Scaling up self-supervised learning has driven breakthroughs in language and vision, yet comparable progress has remained elusive in reinforcement learning (RL). In this paper, we study building blocks for self-supervised RL that unlock substantial improvements in scalability, with network depth serving as a critical factor. Whereas most RL papers in recent years have relied on shallow architectures (around 2 – 5 layers), we demonstrate that increasing the depth up to 1024 layers can significantly boost performance. Our experiments are conducted in an unsupervised goal-conditioned setting, where no demonstrations or rewards are provided, so an agent must explore (from scratch) and learn how to maximize the likelihood of reaching commanded goals. Evaluated on simulated locomotion and manipulation tasks, our approach increases performance on the self-supervised contrastive RL algorithm by 2× – 50×, outperforming other goal-conditioned baselines. Increasing the model depth not only increases success rates but also qualitatively changes the behaviors learned. The project webpage and code can be found here: https://wang-kevin3290.github.io/scaling-crl/.

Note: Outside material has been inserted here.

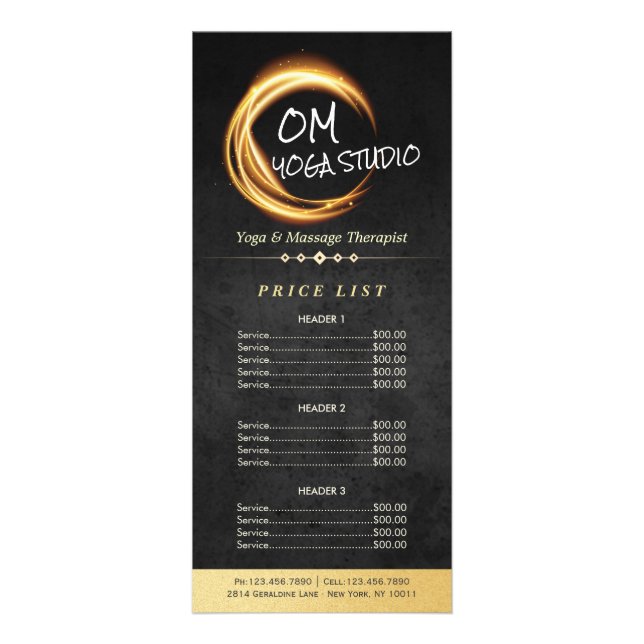 Black Gold Yoga Massage ZEN Sign Light Price List Rack Card (Front)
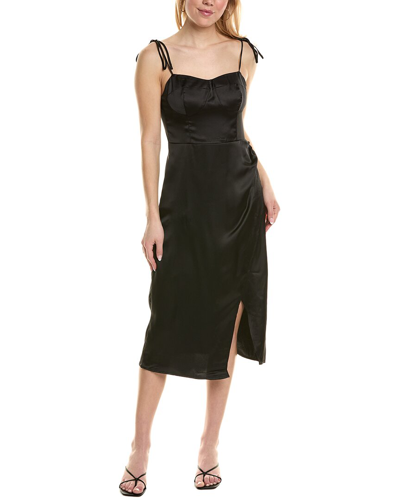 Shop Reveriee Satin Midi Dress In Black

In fields such as vision (Radford et al., 2021; Zhai et al., 2021; Dehghani et al., 2023) and language (Srivastava et al., 2023), models often only acquire the ability to solve certain tasks once the model is larger than a critical scale. In the RL setting, many researchers have searched for similar emergent phenomena (Srivastava et al., 2023), but these papers typically report only small marginal benefits and typically only on tasks where small models already achieve some degree of success (Nauman et al., 2024b; Lee et al., 2024; Farebrother et al., 2024). A key open question in RL today is whether it is possible to achieve similar jumps in performance by scaling RL networks.

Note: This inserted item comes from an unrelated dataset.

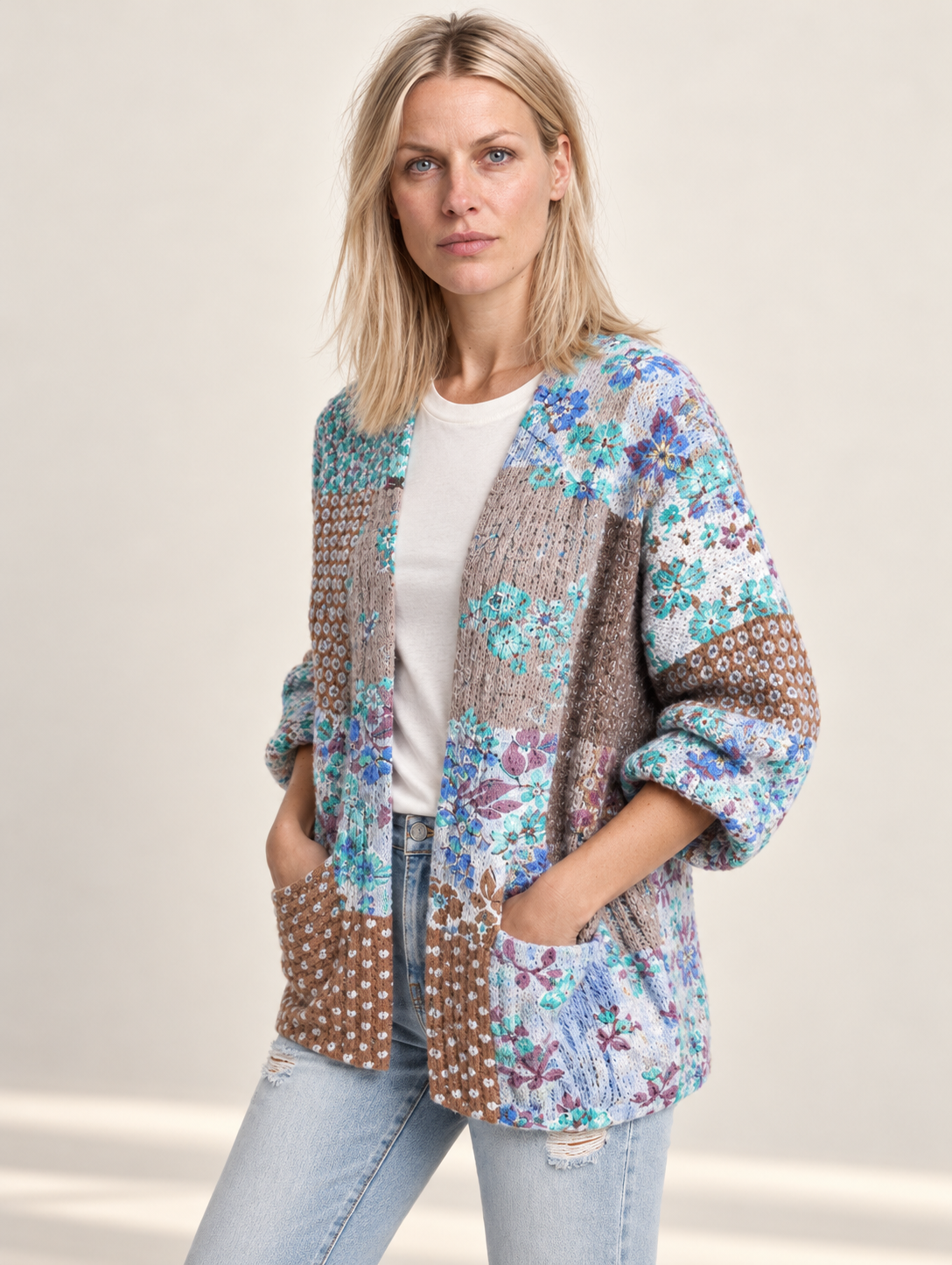 Gwendolen | Floral Patchwork Boho Cardigan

At first glance, it makes sense why training very large RL networks should be difficult: the RL problem provides very few bits of feedback (e.g., only a sparse reward after a long sequence of observations), so the ratio of feedback to parameters is very small. The conventional wisdom (LeCun, 2016), reflected in many recent models (Radford, 2018; Chen et al., 2020; Goyal et al., 2019), has been that large AI systems must be trained primarily in a self-supervised fashion and that RL should only be used to finetune these models. Indeed, many of the recent breakthroughs in other fields have been primarily achieved with self-supervised methods, whether in computer vision (Caron et al., 2021; Radford et al., 2021; Liu et al., 2024), NLP (Srivastava et al., 2023) or multimodal learning (Zong et al., 2024). Thus, if we hope to scale reinforcement learning methods, self-supervision will likely be a key ingredient.

In this paper, we will study building blocks for scaling reinforcement learning. Our first step is to rethink the conventional wisdom above: “reinforcement learning” and “self-supervised learning” are not diametric learning rules, but rather can be married together into self-supervised RL systems that explore and learn policies without reference to a reward function or demonstrations (Eysenbach et al., 2021, 2022; Lee et al., 2022). In this work, we use one of the simplest self-supervised RL algorithms, contrastive RL (CRL) (Eysenbach et al., 2022). The second step is to recognize the importance of increasing available data. We will do this by building on recent GPU-accelerated RL frameworks (Makoviychuk et al., 2021; Rutherford et al., 2023; Rudin et al., 2022; Bortkiewicz et al., 2024). The third step is to increase network depth, using networks that are up to 100× deeper than those typical in prior work. Stabilizing the training of such networks will require incorporating architectural techniques from prior work, including residual connections (He et al., 2015), layer normalization (Ba et al., 2016), and Swish activation (Ramachandran et al., 2018). Our experiments will also study the relative importance of batch size and network width.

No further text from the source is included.